1) A great script that is focused on a few things
a) iconic moments ("You will never find a more wretched hive of scum and villainy. We must be cautious.", understatement from Obi-Want Kanobi in Star Wars)
b) lines that can be said with conviction (no matter how cheesy: think of some of Leslie Nielson's lines in Airplane!/Flying High/whatever other name it was realased as, hearing 'Surely you can't be serious' and replying 'Yes I am serious and stop calling me Shirly'.)
c) the action and getting the next part of the action happening now

2) Action
This need not be fast or spectacular (the iconic close-up scene in Cassablanca where Rick is smoking late at night for nearly a minute in silence, staring over the heads of the audience, or the final pre-fight tension scene in The Good, the Bad and the Ugly where the camera flits from the eyes of each of the three characters to the next). It must be tight and drive the story.

3) Story
Despite the moves for a post-structuralist, extistential 21 Century, a great movie still has a wonderful story: even if it is as microscopic as Amalie's quest to follow the trail of a man in the torn up passport photos or as big a Indiana Jone's recovery of the lost Ark of the Convenant. In both cases the ending completes the film (Amalie's man is a service technician and Indie's find of the millenium gets filed by the Government in a way that would make Sir Humphrey Appleby proud). While books tell a story and the stage shows the story, movies produce the story for us.

4) Production Values
The 1927 version of Ben Hur pitched 6 full scale trimarine rowed warships against each other. It was a proper commitment to film production (unfortunately one ship sank and everybody on it died, so the second half of the battle is small models in a bath and it shows). The use of master puppetier Frank Oz to be Yoda in the Empire Strikes Back shows how a low tech special effects provide as much and a ballanced technique on the screen as the light sabre Luke Skywaker weilds in the same scenes: its about the quality, the choice and not just the cash (subsituting a CGI Yoda in a later movie shows that the puppet Yoda is the better producion choice, albeit more grounded). Get Carter with Michael Cain films him running down a street - not jogging and vaguely puffing or doing an act of running for the cameras.

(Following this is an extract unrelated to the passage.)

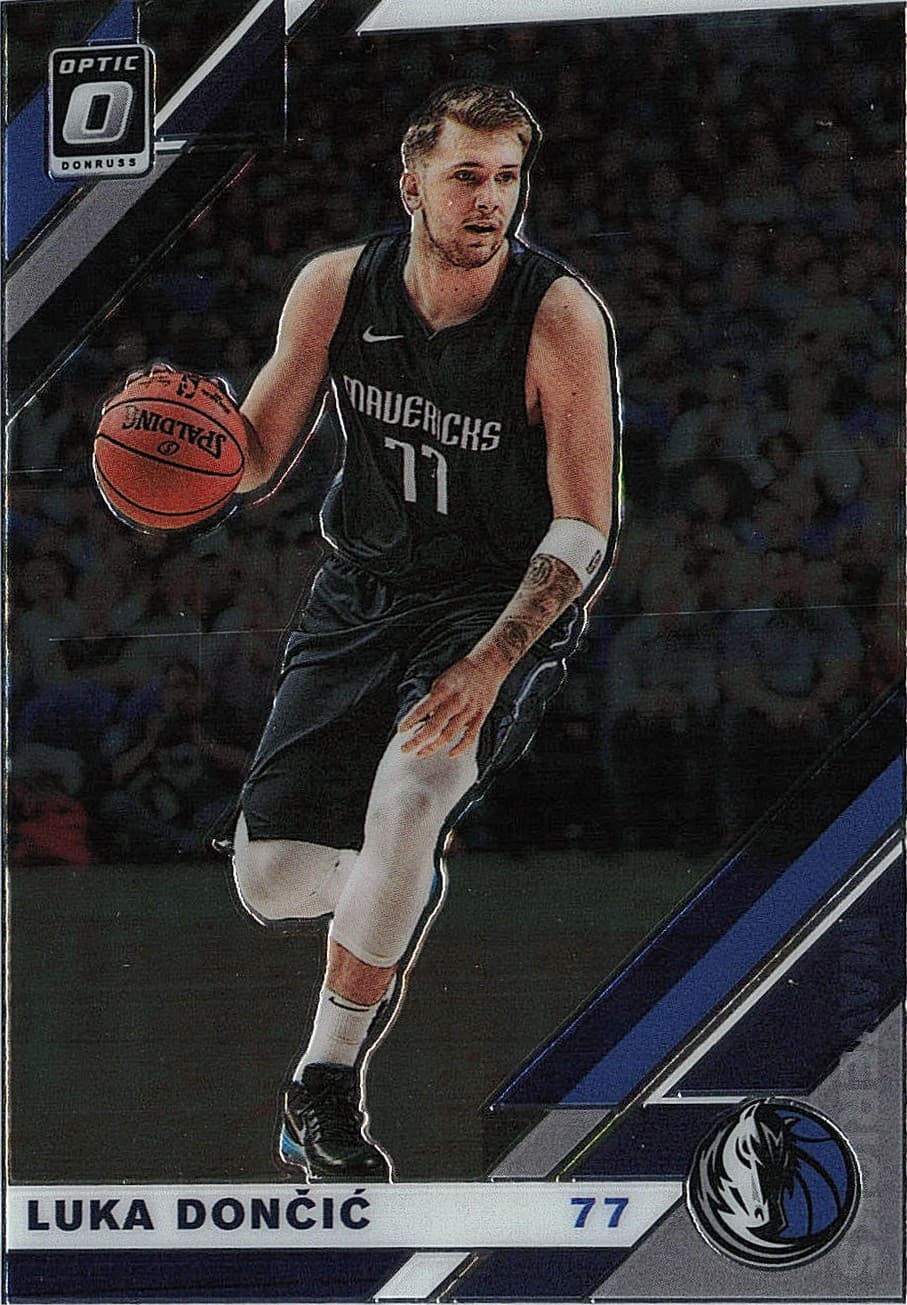 Luka Doncic Mavericks 2019 Donruss Optic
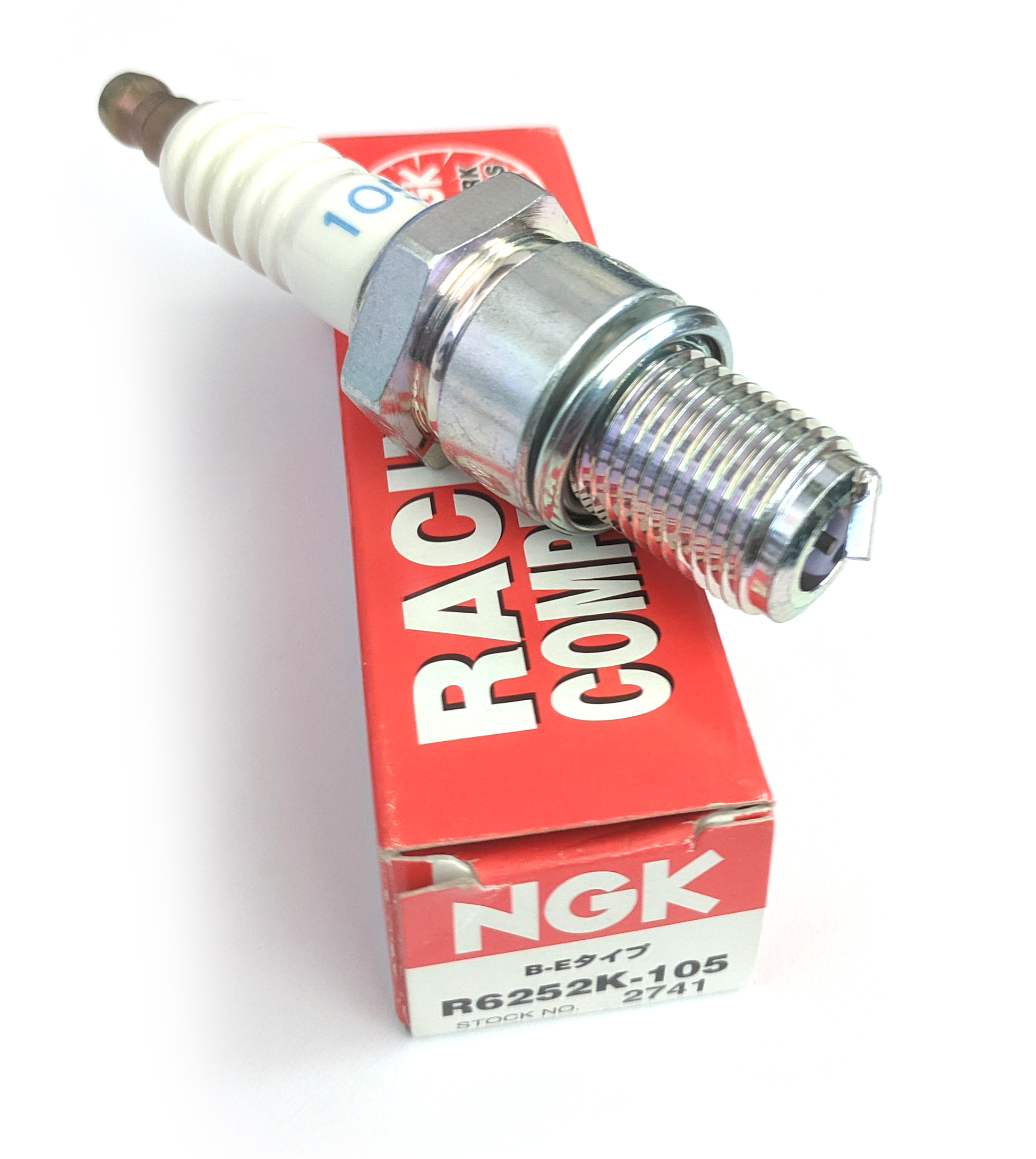 Racing Spark Plug R6252K-105 - For KX80/85/100/112 & 91-93 KX125 & RM100 - Click Image to Close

He sprints hard in leather soled shoes and the head kicking scene that follows is built upon the intensity of the chase. This scene is perhaps the scene that set Sir Michael up as an Actor.

5) Acting
The difference between actors who act themselves in every movie they are in (Cary Grant, John Wayne and Hugh Grant) and actors who exude their character (Tom Cruise in Rain Man vs Jerry McGuire - a flim which has some of the best lighting I have ever seen) is not that important. What is important is that we believe the production produces the story and the characters are the people caught up in the story no matter matter how unlikely or likely a story it is.

6) A projectionist
Most of the best films were made before films were seen on telly and they show it. Bergman's close-ups in Cassablanca are meant to be seen on a 4x3 screen that is also 8 metres by 6 metres in size. The Good, the Bad and the Ugly is best seen in Cinemascope on a screen 20 metres wide. This is technically straight foward - you just need cash to build a palace. However, the sound of the initial drump roll at the beginning of a 20th Century (later 20th Century Fox) film should start 2 seconds after the lights are out totally and the curtains on the screen should begin to open on the second roll as the search lights play over the curtains. The logo appears along with the fanfare in the space that the curtains have already cleared. This takes timing and skill. The airconditioning is traditionally turned up duing the desert scenes of Lawrence of Arabia (just prior to half time to sell extra icecream!) and the a great projectionist will slowly turn up the sound levels of Casablanca during the war of the German and French national anthems: the audience should be standing with the patriots in Rick's Cafe Americano by the end of the scene.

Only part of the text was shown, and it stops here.